I'm 28 and I'm married to a woman I've been involved with since I was 19. The simple point is that she kicks ass. I love her more every day. Ninety-five percent of this relationship is better than anything I ever thought I'd get. But, that 5 percent drives me nuts. She is a pack rat and a bit of a slob, but she freaks on me when I try to bring it up. We're both pretty busy, both with full-time jobs, so I don't make a stink too often about household stuff not getting taken care of. But sometimes I want to scream because I'm always picking up after her and doing the chores she forgot to do.
Am I nuts? Sometimes, especially when I'm drinking with the guys, I realize that it's all silliness and I'm just damn lucky to have her in the first place. And then, I wake up sober the next day, see her dirty clothes on the floor, and almost have a heart attack. She'll bring me my coffee in bed on Sunday morning, but then I'll find a bunch of cups left in the sink instead of put in the dishwasher and I want to tear my hair out. Should I just drop it and be happy or is the small, everyday stuff important too?

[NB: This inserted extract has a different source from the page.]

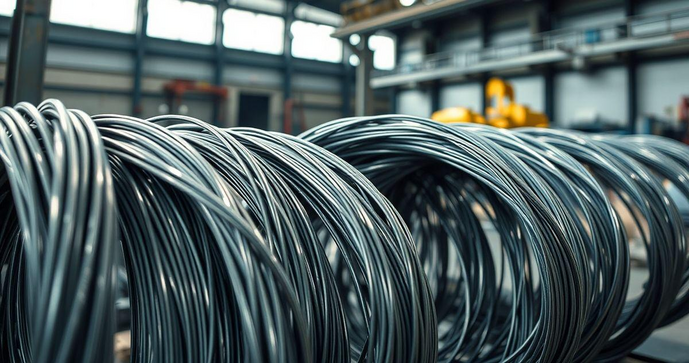 Como Escolher o Melhor Arame Base para Metalização e suas Aplicações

I should mention that I do things that drive her nuts too. But she has been vocal about them since the beginning of our relationship and I have tried to stop doing those things. Heck, I quit smoking for this woman. I don't think putting the laundry away is too much to ask.

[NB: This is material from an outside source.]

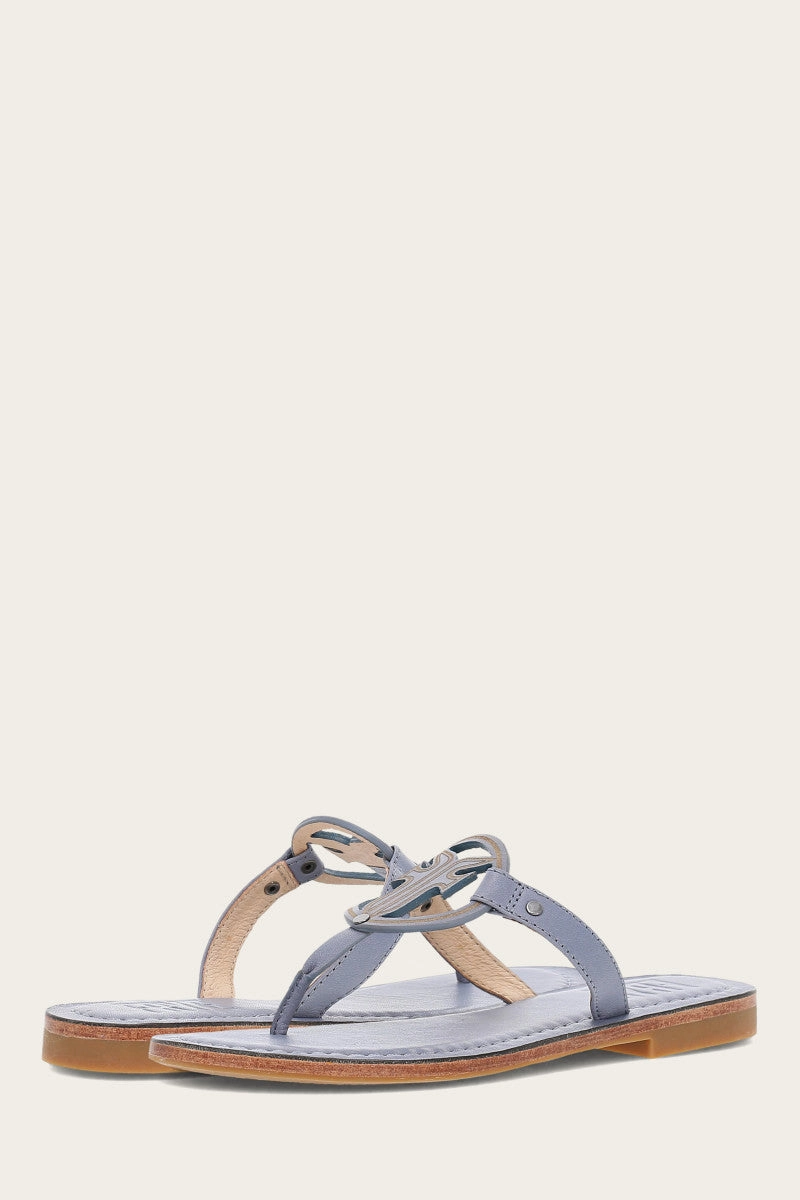 Taylor Logo Sandal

Certain mental tricks may be required. It sometimes helps to pause before a discarded item of clothing and interrogate it; question its existence and its place; inquire of its origin, and whether it has any rights of its own that must be recognized. Carefully consider whether hostile action toward it might symbolize hostile action toward its owner; perhaps it ought therefore to be treated with the same dignity and respect as its owner would be treated.

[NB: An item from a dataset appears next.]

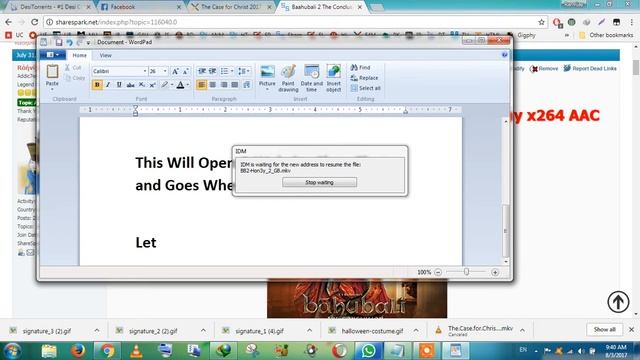 How To Resume File In IDM смотреть онлайн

Indeed, such an article of clothing might symbolize that very woman whom you love so deeply -- would you kick her? Then why would you kick her underwear? This all, after all, is she: Every shopping bag on the dining table, every coat draped on the back of a chair, every pair of jeans wadded up and set on the floor at the foot of the bed where one -- particularly one who is not a morning person -- might stumble over it barefoot coming out of the shower. And if one were to arrive home in the evening to a house overrun by animals that have rolled in the carcass of a dead seal in order to absorb its rare perfume, a house piled chin-high in dirty laundry, if one were to yell in outrage or descend, as is our Norwegian custom, into a dark and wintry funk redolent with silent blame and mute recrimination, toward whom would that be directed? Toward the sweet woman with the beautiful eyes who haunts one's dreams?
It is, as they say in business, a serious disconnect. So try to connect it. Try to say, Oh, that is the blouse of my beloved, that is the monocle of mon oncle.
Because, of course, the alternative project, the behavioral makeover, the husbandly assertion of pedagogical superiority, the buying of books on getting organized, has about as much chance of ending well as, say, bringing home a hooker and telling the wife she's a housekeeper you've hired to help things run more smoothly. Although I will say that having enough containers for everything does make a difference; architecture can save you, if you can see your way clear to get the right stuff.
It's enough to drive you nuts, I know. But it's a true test of your love, isn't it? It may be particularly touchy for your girlfriend because it hasn't been that long since women were regarded as chambermaids from birth. Men, as well, may carry some residual sense of gender privilege as regards the expected condition of the house. I don't know. But I know what you're talking about and I think you just have to approach it intelligently, and with a sense of humor.